What are these certifications about?
These two types of certification are designed to ensure an environmentally-friendly, socially beneficial and economically feasible forest management. This is achieved by assessing forests and companies from the wood sector that voluntarily undergo this certifying assessment, which implies an added value as it guarantees the legal and sustainable origin of raw materials. The process is carried out by auditing its various stages, from the forest to the end product.
- Forest Management certification. An audit takes places in the forest and then its manager or owner is awarded the certification once all the requirements are met.
- Chain of Custody certification. The audit takes place in the company that transforms wood or other forest-origin products, which come from forests already certified as FSC or PEFC, until the different consumer products are obtained (paper, furniture, corks, etc.).

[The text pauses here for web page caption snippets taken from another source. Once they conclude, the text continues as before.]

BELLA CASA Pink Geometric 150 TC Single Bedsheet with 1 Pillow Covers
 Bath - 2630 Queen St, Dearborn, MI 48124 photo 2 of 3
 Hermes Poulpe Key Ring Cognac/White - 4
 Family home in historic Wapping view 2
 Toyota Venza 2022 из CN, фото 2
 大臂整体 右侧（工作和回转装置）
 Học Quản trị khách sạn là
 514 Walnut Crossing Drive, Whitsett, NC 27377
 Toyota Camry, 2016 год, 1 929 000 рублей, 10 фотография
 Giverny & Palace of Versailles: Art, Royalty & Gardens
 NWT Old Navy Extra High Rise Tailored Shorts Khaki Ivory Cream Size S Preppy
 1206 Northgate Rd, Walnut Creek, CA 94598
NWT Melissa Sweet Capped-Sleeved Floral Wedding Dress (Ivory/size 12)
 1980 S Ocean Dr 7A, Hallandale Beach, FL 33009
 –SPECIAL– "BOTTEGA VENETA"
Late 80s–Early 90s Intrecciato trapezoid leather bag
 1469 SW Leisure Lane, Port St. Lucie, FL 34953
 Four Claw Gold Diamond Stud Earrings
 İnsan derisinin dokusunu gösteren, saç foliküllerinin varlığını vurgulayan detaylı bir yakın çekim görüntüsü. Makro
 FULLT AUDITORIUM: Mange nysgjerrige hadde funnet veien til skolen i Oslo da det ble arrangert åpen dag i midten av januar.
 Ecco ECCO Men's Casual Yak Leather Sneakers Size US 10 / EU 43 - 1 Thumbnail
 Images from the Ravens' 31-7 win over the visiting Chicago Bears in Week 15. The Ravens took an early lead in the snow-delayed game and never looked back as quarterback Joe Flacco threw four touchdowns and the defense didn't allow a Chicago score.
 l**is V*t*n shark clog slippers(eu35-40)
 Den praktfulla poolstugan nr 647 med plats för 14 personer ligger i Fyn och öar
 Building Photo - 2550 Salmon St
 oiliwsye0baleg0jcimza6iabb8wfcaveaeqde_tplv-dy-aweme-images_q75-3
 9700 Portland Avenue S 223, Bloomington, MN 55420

Those forest products that cannot prove their sustainable origin have at least the chance to guarantee their legal origin; in this case we are referring to:
- Wood from Controlled Sources. By checking its compliance with the regulations on the exploitation of the forest it is possible to ensure that the EU Timber Regulation (EUTR) is being fulfilled; both PEFC and FSC mark this wood as coming from Controlled Sources.
The structures of both certificates are very similar, and both PEFC and FSC are acknowledged systems in all public policies on responsible purchasing, such as those adopted by the EU, the UK, Japan, Germany and so forth.
The chief difference is that, based on some global Principles and Criteria, through certification entities authorised by its accreditation body ASI, FSC certifies forests from anywhere in the world, whereas PEFC demands the formation of a National Forum that reaches an agreement on the System and Regulations on Sustainable Forest Management adjusted to the country, with the further need to pass a Mutual Recognition Procedure in order to be considered as a PEFC System.
1. Sustainable forest management has environmental advantages; it reduces the risk of fires, prevents deforestation, preserves biodiversity, helps mitigate climate change, and preserves water and soil…
2. It provides economic benefits as it improves productivity by streamlining the exploitation and use of forests.
3. Not only do forests produce wood but also cork, firewood, resins, pastures…this benefits people as it generates jobs and social welfare.
4. Caring for the environment contributes to the development of rural areas and encourages outdoor leisure activities.
If we want to preserve global forests, so that these continue absorbing the CO2 we emit into the atmosphere, perpetuate the water cycle and prevent deforestation, droughts and a global warming increase, it is our responsibility as consumers to always demand their certification.
By consuming certified-wood products, we make sure that they come from a responsible and sustainable production. Is it not reason enough to look at their certification? Paper, doors, tables…we are surrounded by these products! Set out!
And…had you ever looked at your wood products certification?